Climate change has made rain more frequent and intense

October to December is a “short rains” season in Eastern Africa, with the frequency and intensity of the rains influenced by two naturally occurring climate phenomena: El Niño Southern Oscillation (ENSO) and the Indian Ocean Dipole (IOD), which this year have both shaped up to increase the likelihood of heavy rainfall.

To assess how climate change may have affected this year’s season, 10 researchers used weather data from the three countries, as well as climate model simulations, to compare how the season has changed in today’s climate, which has warmed about 1.2 degrees Celsius (2.2 degrees Fahrenheit), with cooler pre-industrial climate.

They found that the magnitude of the rainfall had nearly doubled due to the global warming. The scientists also said IOD had contributed almost equally to the intensity.

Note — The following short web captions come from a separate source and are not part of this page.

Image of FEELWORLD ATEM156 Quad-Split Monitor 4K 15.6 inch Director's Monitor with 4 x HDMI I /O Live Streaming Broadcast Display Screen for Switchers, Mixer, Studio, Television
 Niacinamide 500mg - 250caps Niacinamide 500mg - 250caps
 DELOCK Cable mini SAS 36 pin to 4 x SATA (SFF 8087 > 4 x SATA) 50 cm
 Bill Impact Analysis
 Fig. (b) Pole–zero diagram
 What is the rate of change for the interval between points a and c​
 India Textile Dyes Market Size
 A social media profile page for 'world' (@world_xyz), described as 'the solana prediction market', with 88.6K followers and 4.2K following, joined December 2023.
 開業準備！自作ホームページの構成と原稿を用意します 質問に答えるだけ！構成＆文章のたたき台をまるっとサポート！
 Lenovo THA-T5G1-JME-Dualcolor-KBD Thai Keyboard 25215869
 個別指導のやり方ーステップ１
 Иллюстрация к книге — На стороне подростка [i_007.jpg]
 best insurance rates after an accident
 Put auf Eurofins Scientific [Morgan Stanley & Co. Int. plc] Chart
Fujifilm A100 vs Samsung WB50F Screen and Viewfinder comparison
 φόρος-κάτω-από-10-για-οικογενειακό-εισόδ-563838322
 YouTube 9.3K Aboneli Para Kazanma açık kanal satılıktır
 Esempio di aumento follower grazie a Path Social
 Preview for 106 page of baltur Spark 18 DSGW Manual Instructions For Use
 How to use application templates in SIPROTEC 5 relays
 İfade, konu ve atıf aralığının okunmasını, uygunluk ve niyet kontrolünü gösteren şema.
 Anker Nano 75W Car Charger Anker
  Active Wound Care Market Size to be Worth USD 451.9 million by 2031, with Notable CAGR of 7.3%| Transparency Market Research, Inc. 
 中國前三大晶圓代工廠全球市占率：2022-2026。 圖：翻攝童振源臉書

They found the rainfall experienced between October and December to be “one of the most intense ever recorded” in “short rains” seasons over the past 40 years.

The findings show the impact that the burning of fossil fuels, mostly done by rich countries, has on vulnerable populations. The world is experiencing more and more climatic extremes. Greenhouse gas emissions, which trap heat and warm the planet, are increasing to record levels. The World Meteorological Organization said recently that 2023 is almost certain to be the hottest year on record and warned of more worrying climatic events.

The study also looked at the impact of the heavy rains on communities in the region. The researchers found that people are struggling to deal with the effects of the rains as they are yet to recover from the devastating shocks of a three-year drought that was also exacerbated by climate change. They said increasing risks from extreme weather may strain responses by governments and humanitarian organizations.

Torrential rains and flash floods have caused rampant deaths, displacement, and destruction of infrastructure in parts of Eastern Africa, affecting millions since they began in October.

The situation in Eastern Africa emphasizes an urgent need for climate change adaptation, and a regional approach to address the crisis, said Musavengana Chibwana, regional humanitarian advocacy and policy manager for east and southern Africa at the humanitarian organization Save the Children.

“Just months ago, back-to-back drought in the Horn of Africa and lack of water claimed lives; now, flood waters are doing the same,” he said. “This is a clear indication of a climate crisis which is getting worse.”